Transport Minister Paschal Donohoe has warned that a Luas driver strike will bring hardship to tens of thousands of commuters and cause massive damage to Dublin's economy.
Mr Donohoe urged all involved to find a solution to the problem through "reasonable" negotiation, as drivers pursue a 53pc pay increase.
It comes as Dart drivers announced they would vote on industrial action following changes to train frequencies in the capital.
Speaking at the launch of a €50m investment in Bus Eireann services, Mr Donohoe said: "At this stage, with a number of weeks to go before these strikes takes place, this period should be used by everybody who is involved in this dispute to sit down, have reasonable negotiations and make sure these strikes do not happen.
"If [the strikes] do happen, tens of thousands of people are going to be affected each day, for four days, and it will do terrible damage to our economy in Dublin, just as our economy here is now beginning to recover."
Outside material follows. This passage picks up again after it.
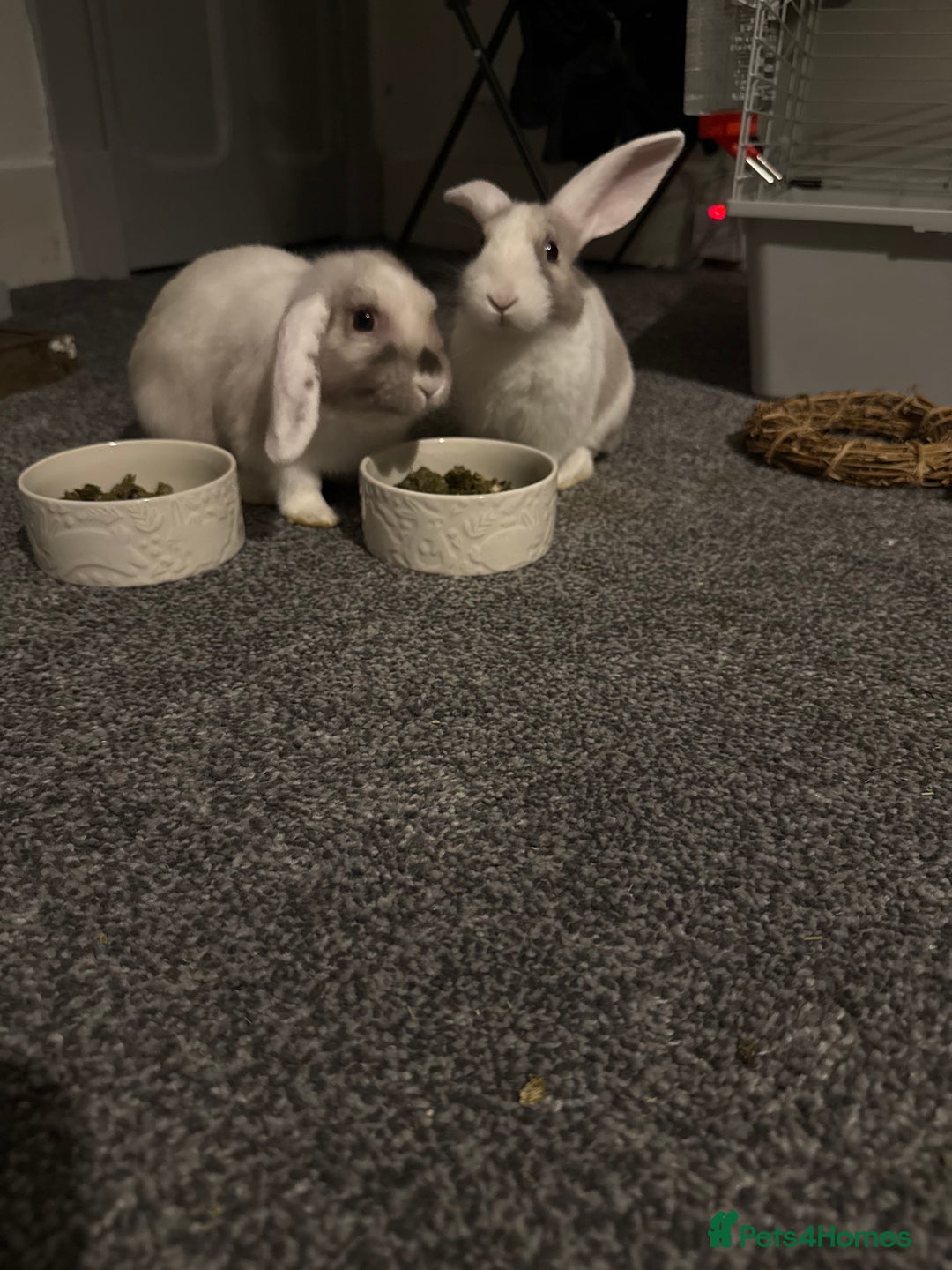 Mini Lop rabbits for sale: 2 rabbits for sale  - Advert 4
The proposed Luas stoppages are expected to take place over four days between February 11 to February 18. There will be two separate 48-hour strikes if the action goes ahead.
It is estimated that 90,000 passengers could be affected per day.
If implemented, the pay hike sought by the drivers could bring their salaries up to €64,000. However, Siptu said the amounts sought would be spread over five years.
Meanwhile, further commuter chaos looms as Dart drivers prepare to vote on industrial action next week. The National Bus and Rail Union (NBRU) said strike action would begin on January 31 if Irish Rail went ahead with a new plan to run Dart services every 10 minutes.
The union claims the changes are being brought in with no agreement with staff, adding that there are not enough trained drivers to implement the roster.
"The earliest they would have extra drivers trained is June," said NBRU General Secretary Dermot O'Leary. "This has left us with no option but to ballot our members in response to what would be a major departure from how we would normally address fundamental change at Iarnrod Eireann," he added.
But Irish Rail accused unions of misleading the public by considering a strike, saying existing staff would not be asked to do extra work.
Up to 60,000 passengers use the Dart each day, and there was an 8pc growth in passenger numbers last year.
Mr Donohoe also called the image of a young boy riding the windscreen wiper of a Luas "appalling". The photo drew widespread criticism when it circulated on social media this week. "That picture shows that that person is putting themselves at gigantic personal risk," he said. "Alongside that, they are putting passengers and people in the vicinity of that carriage at huge risk."
He added that Luas staff and gardai were taking the matter "very seriously".